■ DIRECTIONS ■
Repeat the data that follows in full. Do not include the pictures.

■ Captioned web image data ■
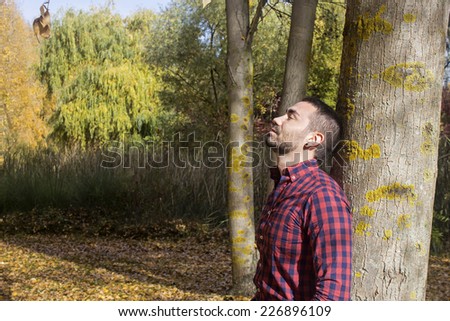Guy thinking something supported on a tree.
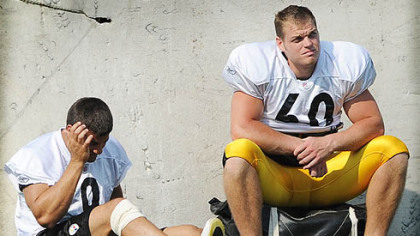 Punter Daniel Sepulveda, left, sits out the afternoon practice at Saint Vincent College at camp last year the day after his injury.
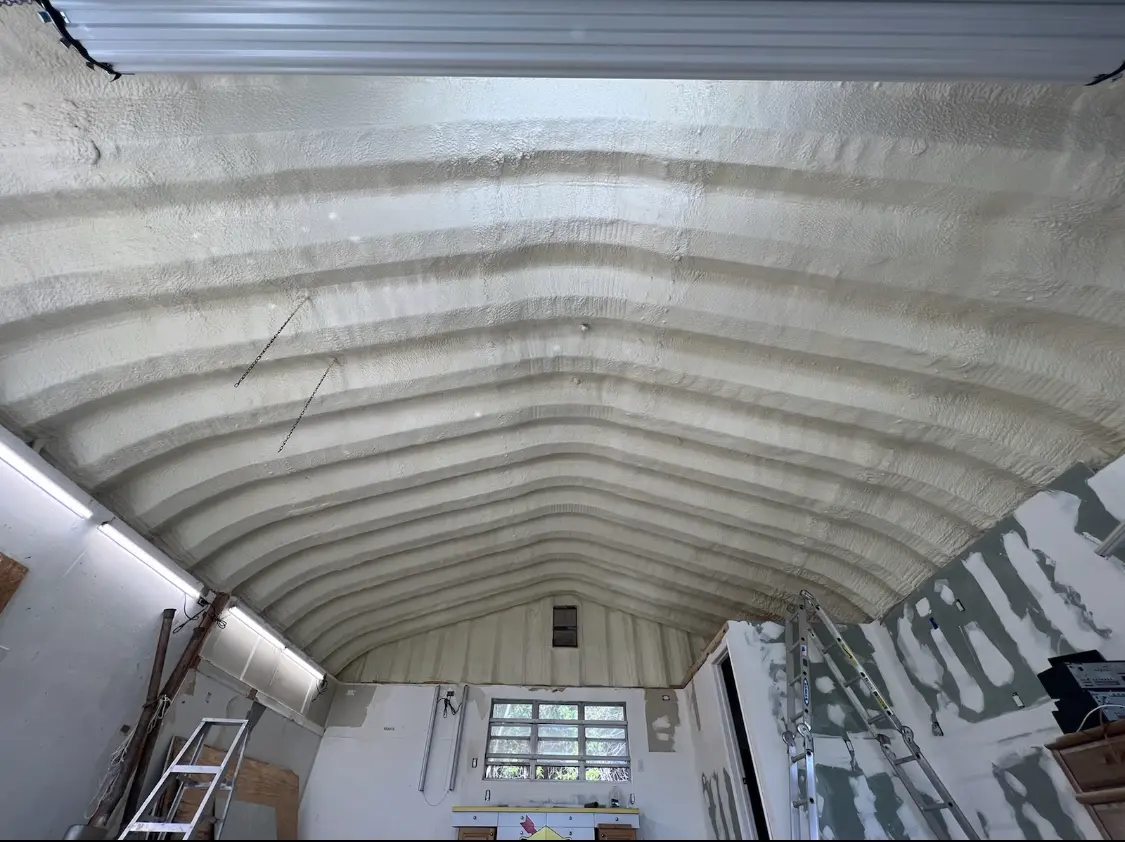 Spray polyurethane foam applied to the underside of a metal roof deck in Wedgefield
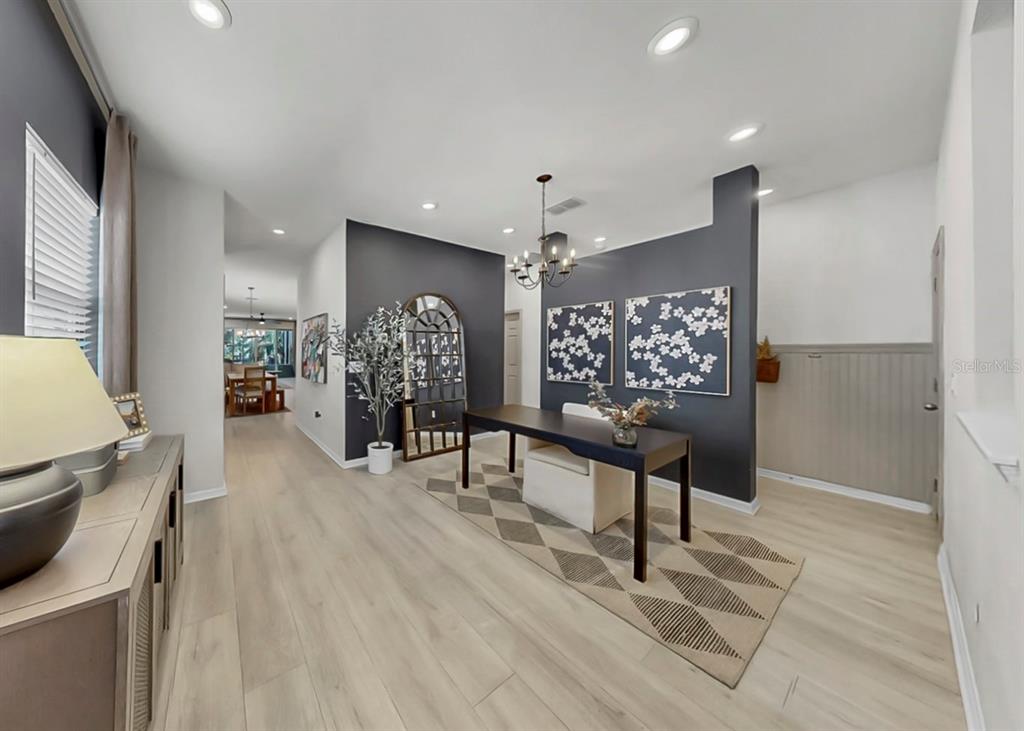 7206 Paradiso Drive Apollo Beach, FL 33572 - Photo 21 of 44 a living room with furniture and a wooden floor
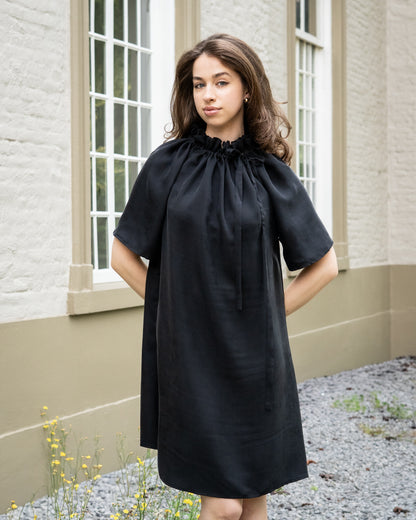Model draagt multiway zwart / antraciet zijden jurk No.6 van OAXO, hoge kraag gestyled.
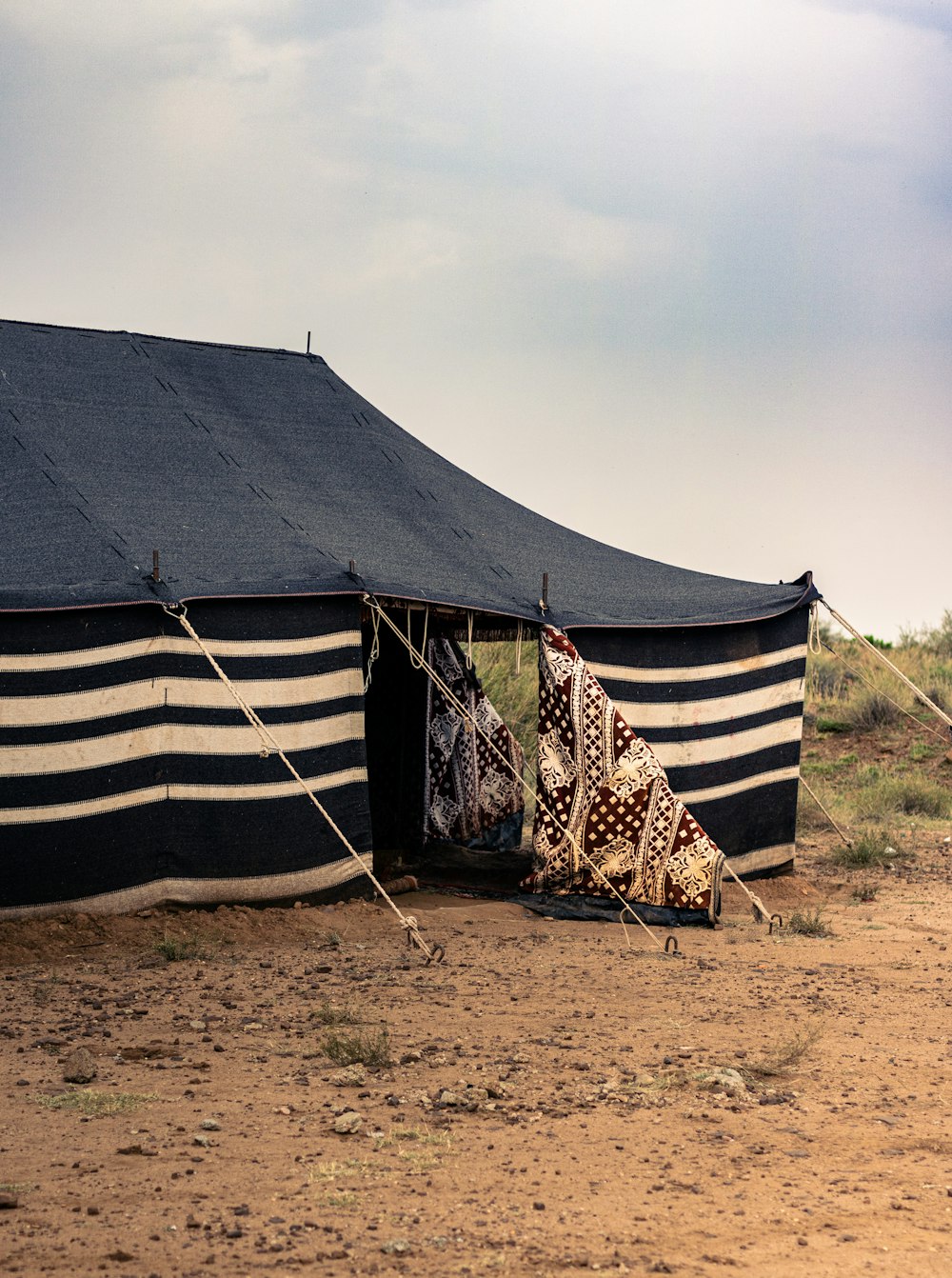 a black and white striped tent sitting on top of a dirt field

■ EXPECTED ANSWER ■
Guy thinking something supported on a tree.
 Punter Daniel Sepulveda, left, sits out the afternoon practice at Saint Vincent College at camp last year the day after his injury.
 Spray polyurethane foam applied to the underside of a metal roof deck in Wedgefield
 7206 Paradiso Drive Apollo Beach, FL 33572 - Photo 21 of 44 a living room with furniture and a wooden floor
Model draagt multiway zwart / antraciet zijden jurk No.6 van OAXO, hoge kraag gestyled.
 a black and white striped tent sitting on top of a dirt field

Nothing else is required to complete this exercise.